Le Front Citoyen Togo Debout (FCTD) n’est pas d’accord sur le fait que les facilitateurs du dialogue intertogolais aient donné une date indicative pour l’organisation des élections. Ils l’ont exprimé à travers une déclaration dont voici la teneur !
PROTESTATION DU FRONT CITOYEN TOGO DEBOUT CONTRE LA PRETENDUE DATE INDICATIVE DE LA CEDEAO POUR LA TENUE DES ELECTIONS AU TOGO
Chers journalistes des médias nationaux et internationaux,
Chers concitoyens togolais,
Le mercredi 27 juin dernier, sous la facilitation de la CEDEAO, le dialogue inter-togolais a repris ses travaux et a sorti un communiqué annonçant probablement les couleurs du sommet des chefs d’Etat du 31 juillet prochain. Ce communiqué nous interpelle et nous voulons attirer, d’une part, l’attention de la CEDEAO sur les dangers réels qu’elle fait courir à la Nation et à la démocratie togolaises en projetant la tenue des élections en novembre 2018 alors que les réformes ne sont pas faites et, d’autre part, appeler le peuple togolais à la vigilance et à la mobilisation.
A- A l’endroit des Facilitateurs et des Chefs d’Etat et de Gouvernements de la CEDEAO
Excellences Messieurs les Présidents de la République du Ghana et de la République de la Guinée, le peuple togolais ne saura jamais assez vous remercier pour vos implications et engagements pour une sortie pacifique de la crise togolaise qui dure depuis des mois. Dans votre communiqué du 27 juin 2018, trois points apparaissent rationnellement importants et louables :
➢ La libération des détenus arrêtés dans le cadre des manifestations publiques,
➢ La restauration de la liberté de manifestation pacifique publique sur tout le territoire et la levée de l’état de siège de fait,
➢ La suspension de la préparation unilatérale des élections par le Gouvernement.
Nous vous témoignons une fois de plus notre gratitude. Cependant, le point concernant le souhait d’aller aux élections législatives avant fin novembre 2018 reste très problématique.
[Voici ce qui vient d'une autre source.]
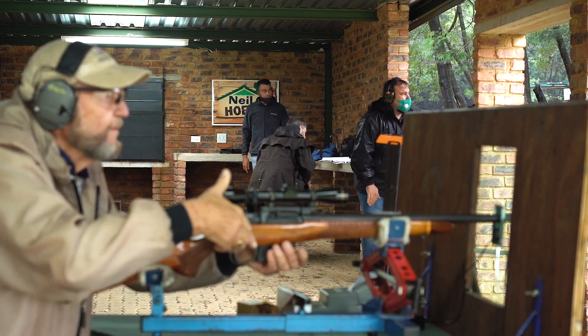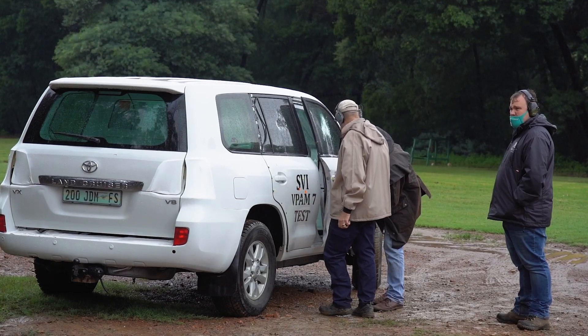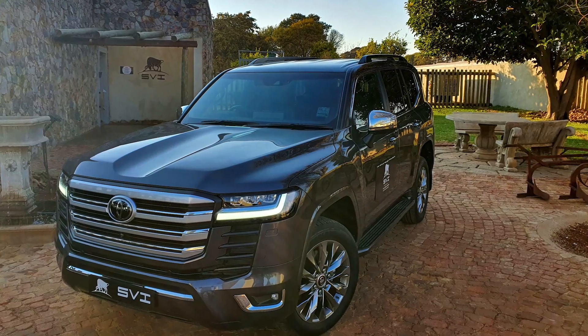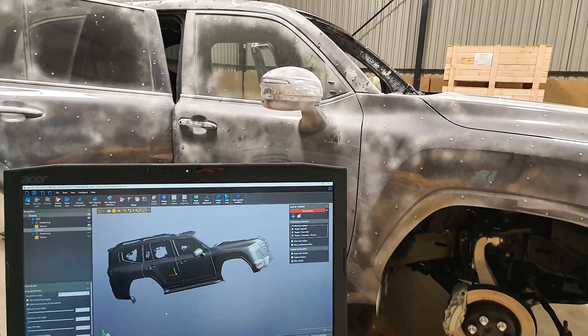SVI has commissioned such a test on a Toyota Land Cruiser 200, and the lessons learned are being implemented on future armoring solutions. The first being on a brand new Toyota Land Cruiser 300, currently under development.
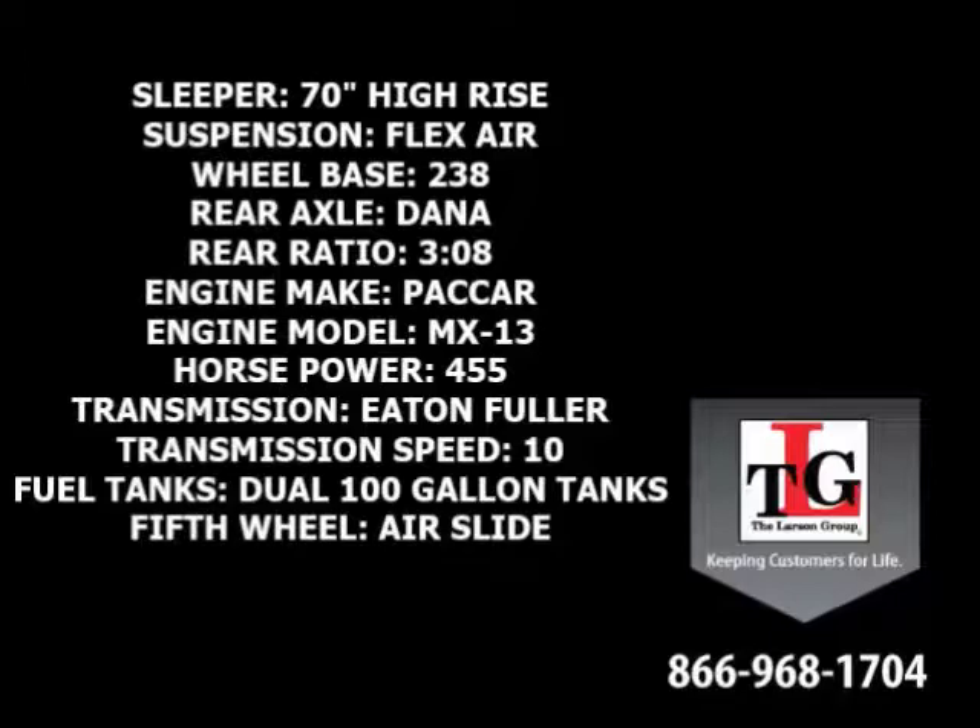Eaton Fuller 10-speed manual transmission, dual 100-gallon fuel tanks, and an Airslide 5th wheel.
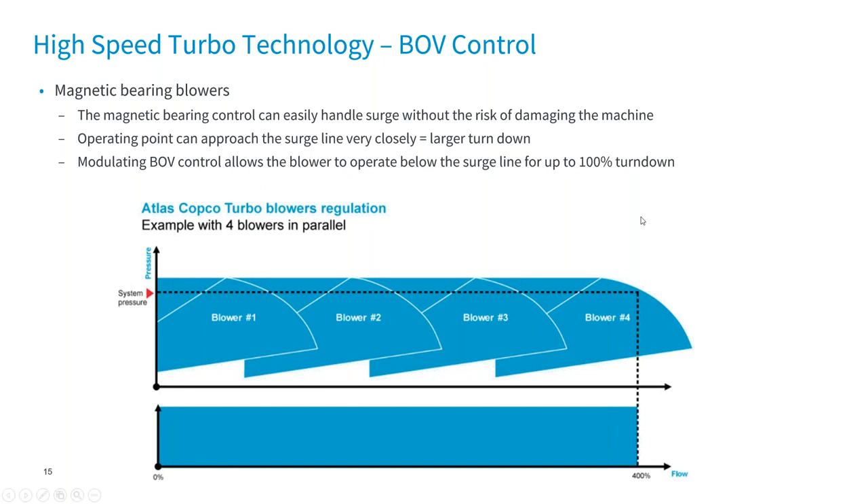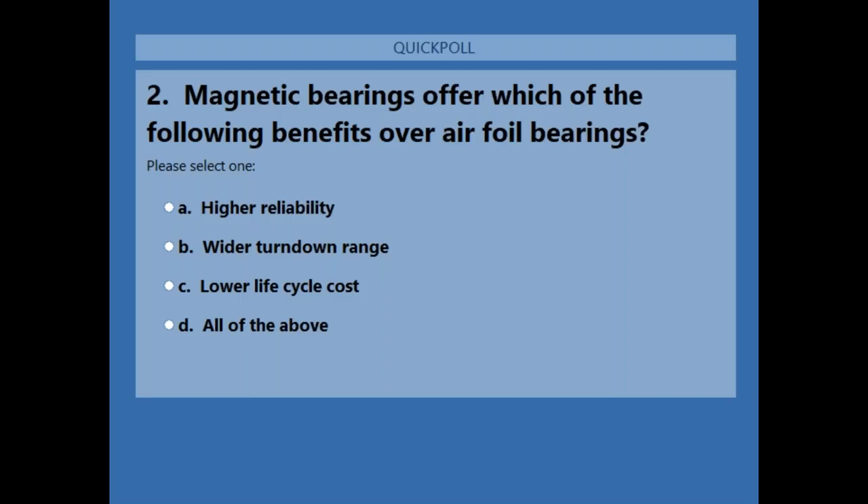Poll question number two: Magnetic bearings offer which of the following benefits over airfoil bearings? The answer was D, all of the above. 98% got it correct.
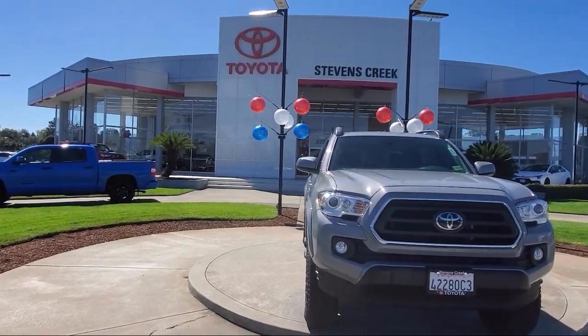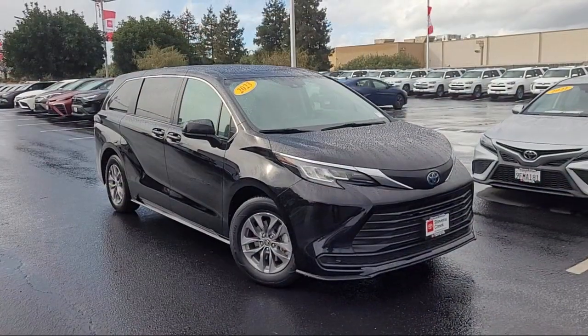Welcome to Stevens Creek Toyota, and here's a look at another one of our great vehicles for sale.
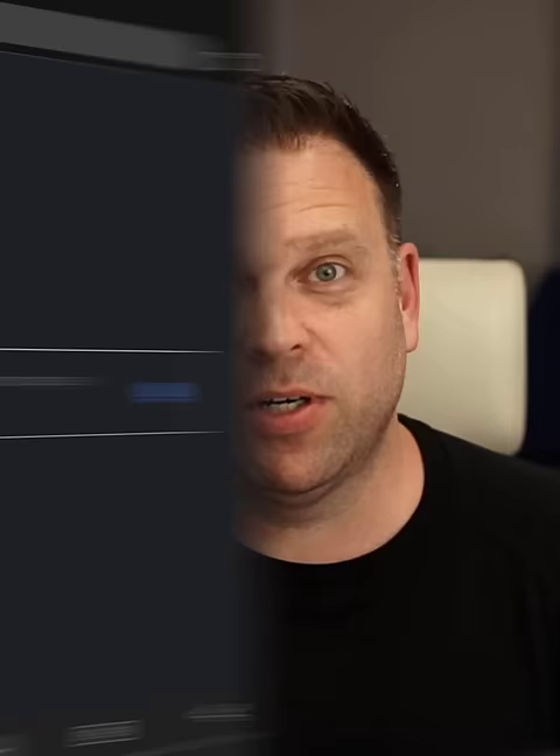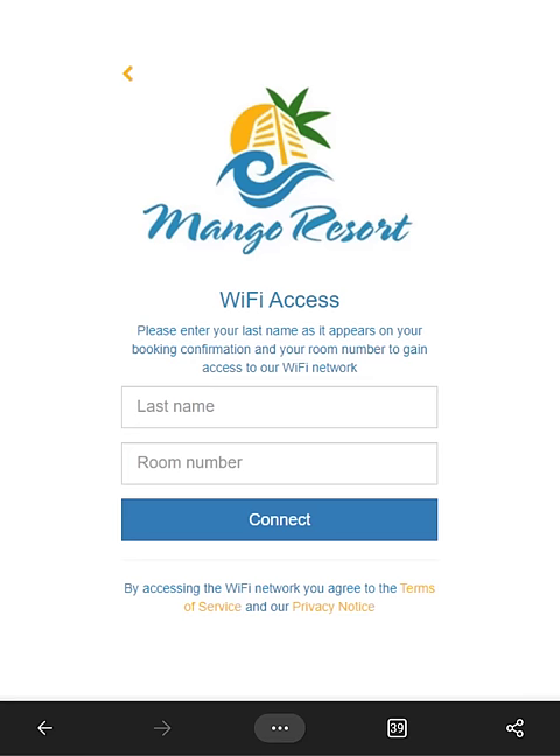But one URL that almost always works is captive.apple.com. Once you type that in, those services will know to take you to their sign-in page, and it works just about every time. So memorize this link — captive.apple.com — and it's going to help you connect to any shared captive Wi-Fi networks.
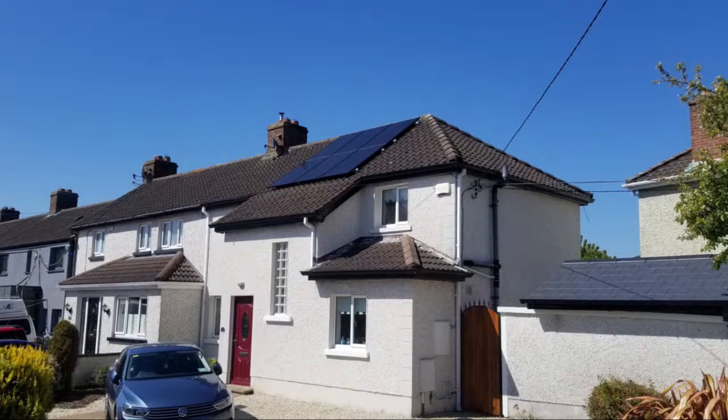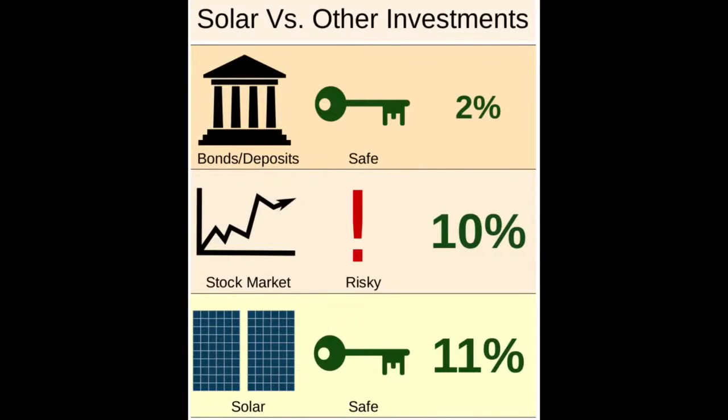A typical solar energy system with a battery costs around €7,500 after grants and will provide energy savings of around €800 per year. Here are three ways to understand the value for money proposition. First is initial rate of return on investment. Solar panels do very well here with a rate of return of around 11%.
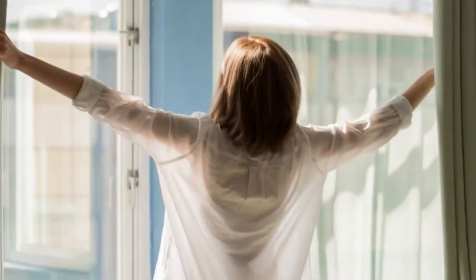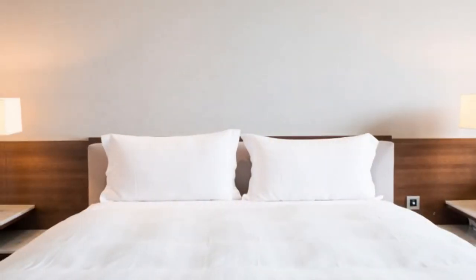The more light the better, so replace all of the light bulbs and open up all the draperies and blinds. In the bedrooms, make all of the beds. For linens, I recommend crisp, clean white sheets.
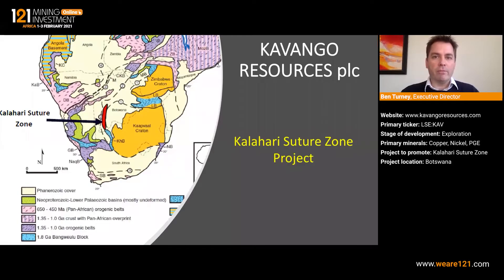Hi, and welcome to our presentation. My name is Ben Turney and I'm the Executive Director of Kavango Resources. We're a London-listed exploration company with base metals projects in Botswana. Our flagship asset is in the Kalahari Suture Zone in the southwest of the country, which you can see on this map highlighted in red. I'm joined today by our founder and chief geologist, Mike Moles, who's going to talk us through the progress we've made over recent years and what the opportunity in the KSZ is.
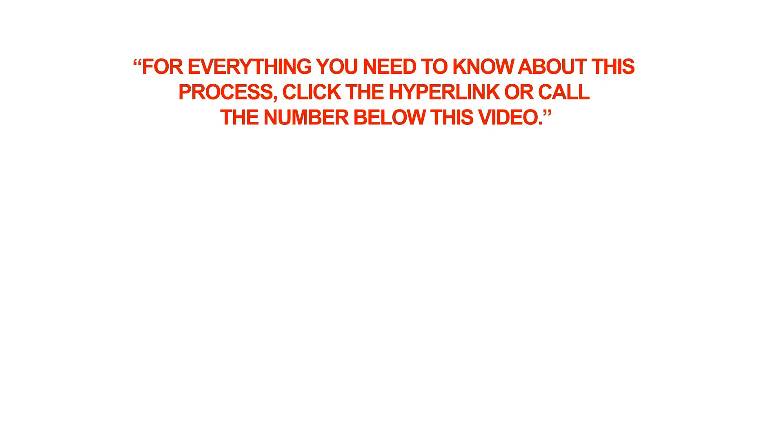For everything you need to know about this process, click the hyperlink or call the number below this video.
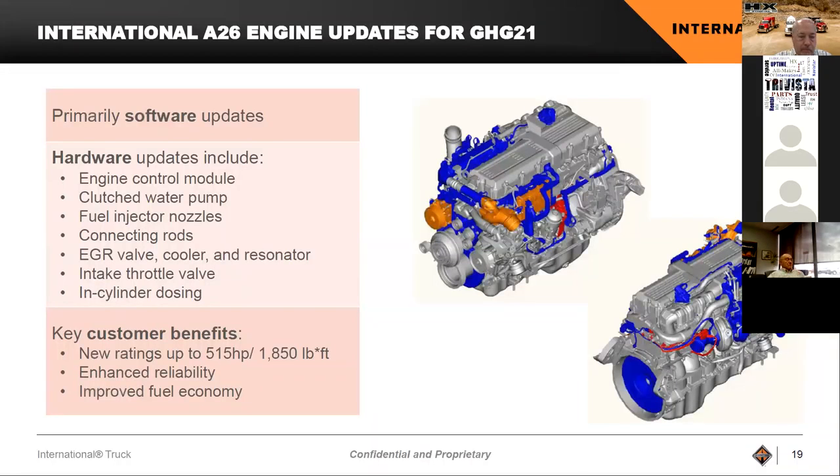Our International 826 engine — we do have a new 826 engine coming out in the September-October timeframe. This is a change for Greenhouse Gas 21 emissions. Our engine was doing well enough that we did not have to update it in January to meet all greenhouse gas regulations — we are doing it on our own timeframe once validation is done. What are we doing to the engine? Just a few hardware updates: the engine control module will be updated mainly due to software changes, we will go to a clutch water pump, and there are a few changes on the EGR valve and cooler intake throttle — different tweaks to increase the efficiency of the engine.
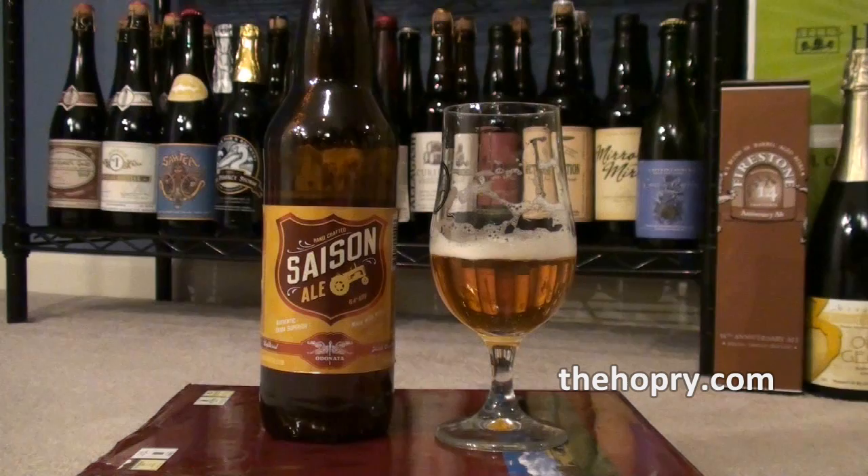Hey everyone, how's it going? It's Mark Starr from TheHoppery.com. So I was sitting here this evening, drinking a beer, and I thought this is such a good beer — I'd really like to share it with you guys.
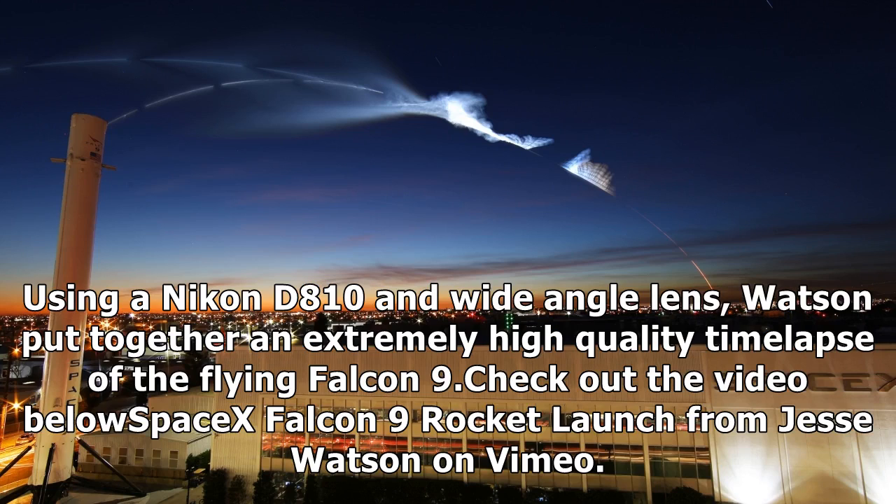Using a Nikon D810 and wide-angle lens, Watson put together an extremely high-quality time-lapse of the flying Falcon 9.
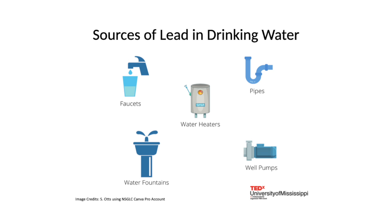Lead gets into our drinking water when plumbing materials that contain lead corrode. Homes that experience the most problems with lead often have a lead service line, a lead pipe that connects to the home from the main water line. But fixtures and water heaters inside the house can also be sources of lead. Private well systems may contain brass pumps or other components that can contaminate water with lead.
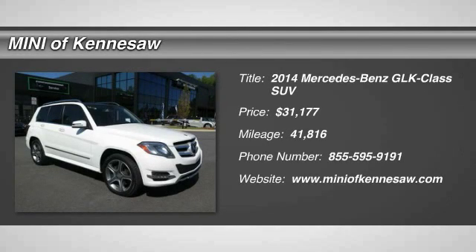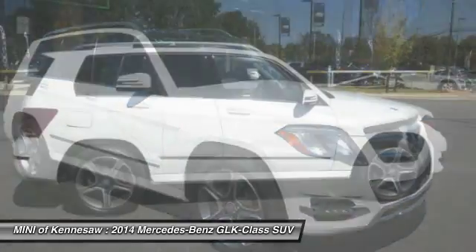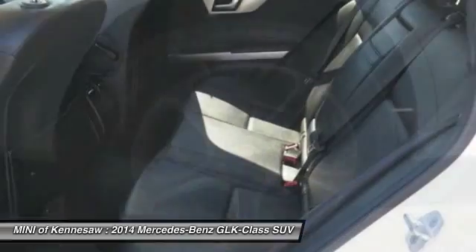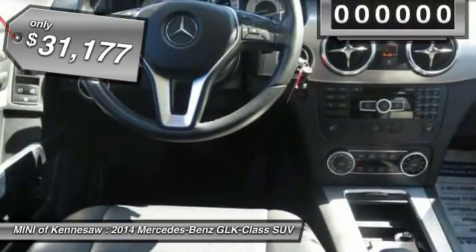The 2014 Mercedes-Benz GLK class. Based on the C-Class, the GLK joins the small upscale SUV class. Its smooth 268 horsepower 3.5 liter V6 delivers quick acceleration, and it's priced below $35,000.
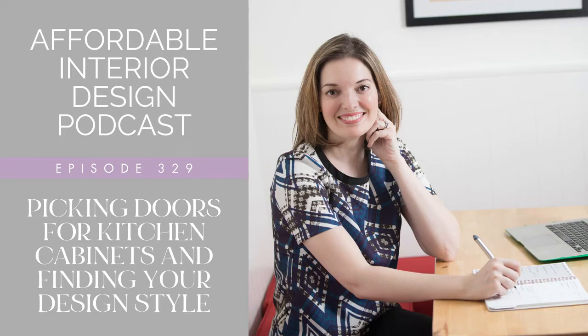You don't need a high-end designer or a lot of money to get a luxe look. Be your own interior designer. This is Affordable Interior Design, the podcast. Here's your host, Betsy Helman.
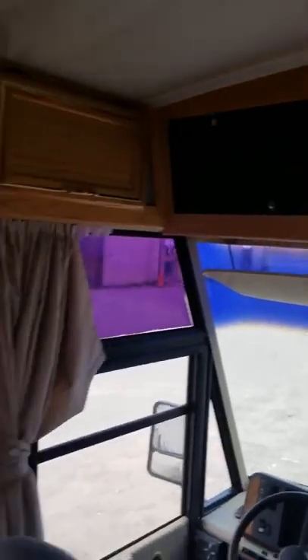This couch pulls into a bed as well. There's no factory TV because I put a different TV in — that'll come with it. Now we're just gonna head to the back.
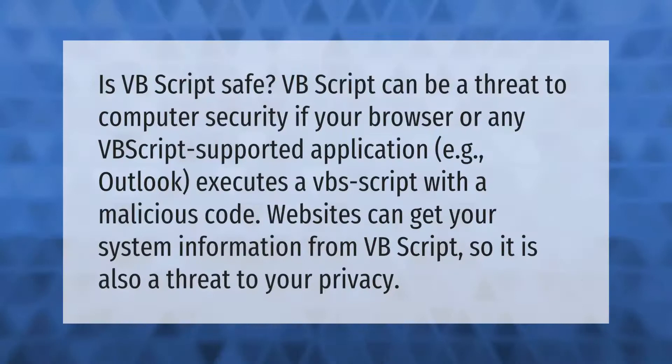Is VBScript safe? VBScript can be a threat to computer security if your browser or any VBScript-supported application, such as Outlook, executes a VBS script with malicious code. Websites can also get your system information from VBScript, so it is a threat to your privacy as well.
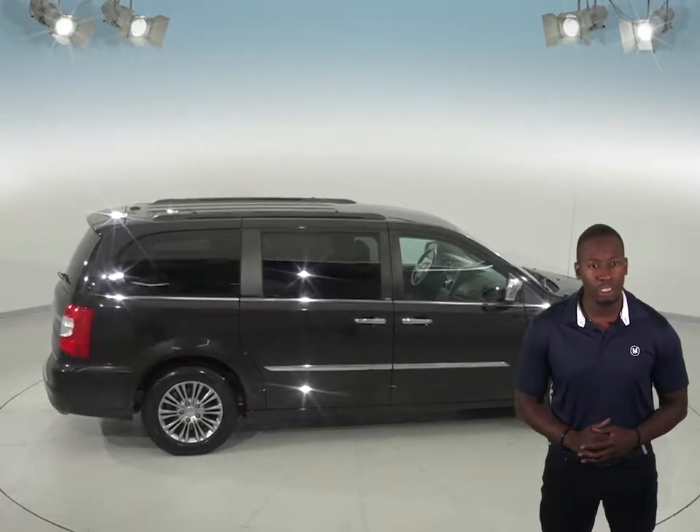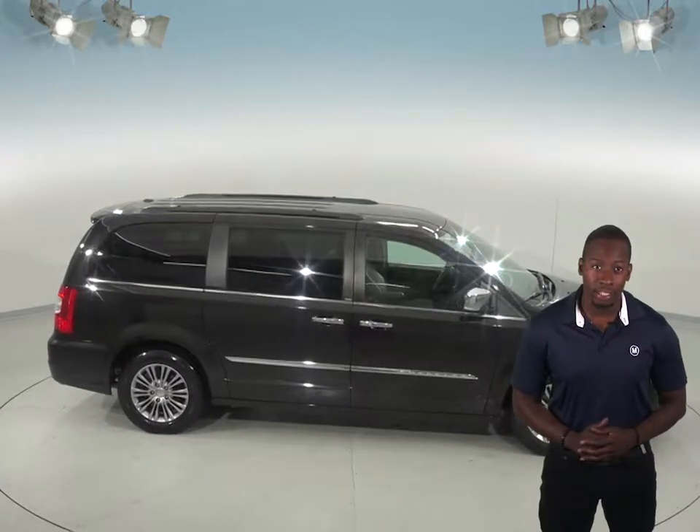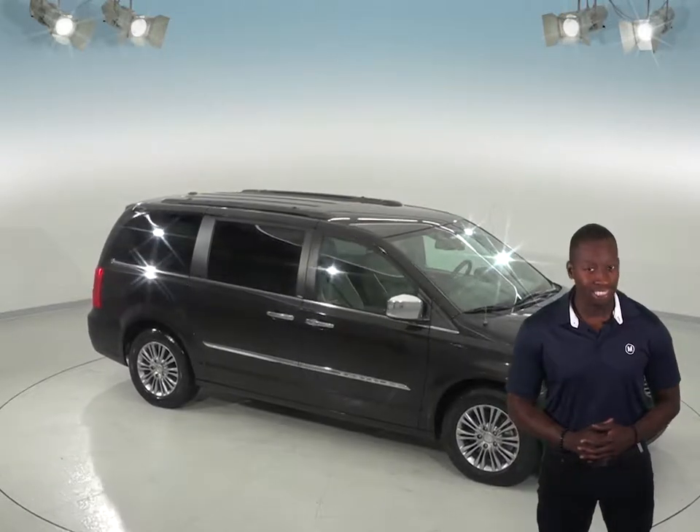It's even passed our extensive 172-point inspection and is ready to hit the road. This Chrysler Town & Country is covered by our free lifetime mechanical warranty for as many years and as many miles as you own it.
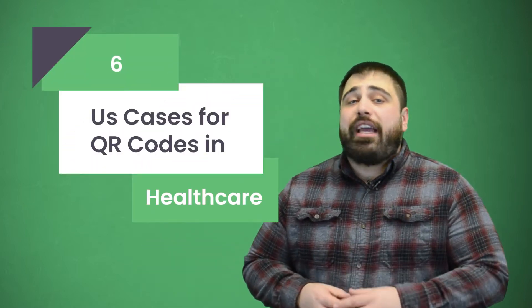Healthcare is at the top of that list. Hi everyone, I'm from eTactics, and today I'm going to give you six use cases for QR codes in healthcare.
Cette problématique est née de l’interprétation divergente que les principaux acteurs du dialogue font de votre communiqué quant à la question électorale : là où la facilitation émet ou évoque un souhait, le pouvoir en place brandit « l’impératif réaffirmé » de la tenue des élections en novembre 2018.
Nous n’avons cessé de dire que le problème togolais n’est pas fondamentalement un problème d’élections. Nous avons organisé plusieurs fois des élections mais cela n’a produit aucun effet. Suffit-il d’organiser des élections dans n’importe quelles conditions pour 2 prétendre être un Etat de droit démocratique? Si le pouvoir en place refuse de faire les réformes constitutionnelles et institutionnelles recommandées par l’APG, la CVJR, le HCRRUN, c’est parce que ces réformes constituent les clés d’un réel changement.
Pourquoi ne ferait-on pas les réformes constitutionnelles, institutionnelles et électorales avant l’organisation de toutes sortes d’élections ?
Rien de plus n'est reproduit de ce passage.